Eric Siegel at Big Think, in a new “Dr. Data Show” on the site, explains Why A.I. is a big fat lie:
1) Unlike AI, machine learning’s totally legit. I gotta say, it wins the Awesomest Technology Ever award, forging advancements that make ya go, “Hooha!”. However, these advancements are almost entirely limited to supervised machine learning, which can only tackle problems for which there exist many labeled or historical examples in the data from which the computer can learn. This inherently limits machine learning to only a very particular subset of what humans can do – plus also a limited range of things humans can’t do.
2) AI is BS. And for the record, this naysayer taught the Columbia University graduate-level “Artificial Intelligence” course, as well as other related courses there.

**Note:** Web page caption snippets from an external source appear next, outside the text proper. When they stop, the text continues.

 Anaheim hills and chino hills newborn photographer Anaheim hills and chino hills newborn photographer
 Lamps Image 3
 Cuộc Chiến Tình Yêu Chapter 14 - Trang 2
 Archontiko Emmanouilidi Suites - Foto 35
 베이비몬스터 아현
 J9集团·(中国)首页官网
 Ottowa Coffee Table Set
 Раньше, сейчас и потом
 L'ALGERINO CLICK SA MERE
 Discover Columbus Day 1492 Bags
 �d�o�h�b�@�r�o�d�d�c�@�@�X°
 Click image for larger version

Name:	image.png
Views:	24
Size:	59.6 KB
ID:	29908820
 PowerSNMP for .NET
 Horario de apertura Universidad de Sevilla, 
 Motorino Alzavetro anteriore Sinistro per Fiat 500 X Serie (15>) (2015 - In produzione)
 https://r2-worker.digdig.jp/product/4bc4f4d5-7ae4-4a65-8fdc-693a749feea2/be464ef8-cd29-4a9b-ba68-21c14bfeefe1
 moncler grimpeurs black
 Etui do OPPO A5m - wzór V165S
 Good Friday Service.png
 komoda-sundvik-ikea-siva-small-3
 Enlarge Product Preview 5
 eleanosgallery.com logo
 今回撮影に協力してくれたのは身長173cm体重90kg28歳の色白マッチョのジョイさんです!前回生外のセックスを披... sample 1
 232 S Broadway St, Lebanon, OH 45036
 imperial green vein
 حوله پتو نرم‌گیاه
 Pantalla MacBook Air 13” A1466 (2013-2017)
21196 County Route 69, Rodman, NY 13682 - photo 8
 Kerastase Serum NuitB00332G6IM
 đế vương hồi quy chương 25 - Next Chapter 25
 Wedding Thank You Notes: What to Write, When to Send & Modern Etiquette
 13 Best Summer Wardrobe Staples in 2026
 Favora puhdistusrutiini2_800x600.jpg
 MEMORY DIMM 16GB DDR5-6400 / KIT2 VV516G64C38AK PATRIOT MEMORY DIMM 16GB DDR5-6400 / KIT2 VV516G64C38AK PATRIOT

AI is nothing but a brand. A powerful brand, but an empty promise. The concept of “intelligence” is entirely subjective and intrinsically human. Those who espouse the limitless wonders of AI and warn of its dangers – including the likes of Bill Gates and Elon Musk – all make the same false presumption: that intelligence is a one-dimensional spectrum and that technological advancements propel us along that spectrum, down a path that leads toward human-level capabilities. Nuh uh. The advancements only happen with labeled data. We are advancing quickly, but in a different direction and only across a very particular, restricted microcosm of capabilities.
The term artificial intelligence has no place in science or engineering. “AI” is valid only for philosophy and science fiction – and, by the way, I totally love the exploration of AI in those areas.
3) AI isn’t gonna kill you. The forthcoming robot apocalypse is a ghost story. The idea that machines will uprise on their own volition and eradicate humanity holds no merit.
He goes into detail in a long post at Big Think, or you can watch him discuss it in the video.
His presentation is over the top, but I have to agree with much of what he ways. AI is hopelessly over hyped. From singularities to Frankensteinian worries it will turn on us, it’s become a new mythology, supplying new versions of the old deities and demons, superhuman powers that rule the world, including promises to solve our problems, or threats of destruction, but now with a thin veneer of technological sophistication. (Not that I don’t enjoy science fiction with these elements too.)
That’s not to say that there isn’t some danger from these technologies, but it more involves how humans might use them than from the technologies in and of themselves. For instance, it’s not hard to imagine systems that closely and tirelessly monitor our activity using machine learning to figure out when we’re doing things a government or employer might not like. Or an intelligent bomb smart enough to wait until it recognizes an enemy close by before exploding.
And I think he has a point with the overall term “artificial intelligence” or “AI”. It’s amorphous, meaning essentially computer systems that are smarter than normal, lumping everything from heuristic systems to Skynet under one label. We sometimes talk about the “AI winter”, the period where AI research fell on hard times but that it eventually pulled out of. It could be argued that the endeavor to build a mind never really escaped that winter. We just lumped newer more focused efforts under the same name. (Not that I expect the term to die anytime soon.)
To be clear, I do think it will eventually be possible to build an engineered mind. (I wouldn’t use the adjective “artificial” because if we succeed, it will be a mind, not an artificial one.) They exist in nature with modest energy requirements, so saying it’s impossible to do technologically is essentially asserting substance dualism, that there is something about the mind above and beyond physics.
But we’re unlikely to succeed with it until we understand animal and human minds much better than we currently do. We’re about as likely to create one accidentally as a web developer is to accidentally create an aerospace navigation system.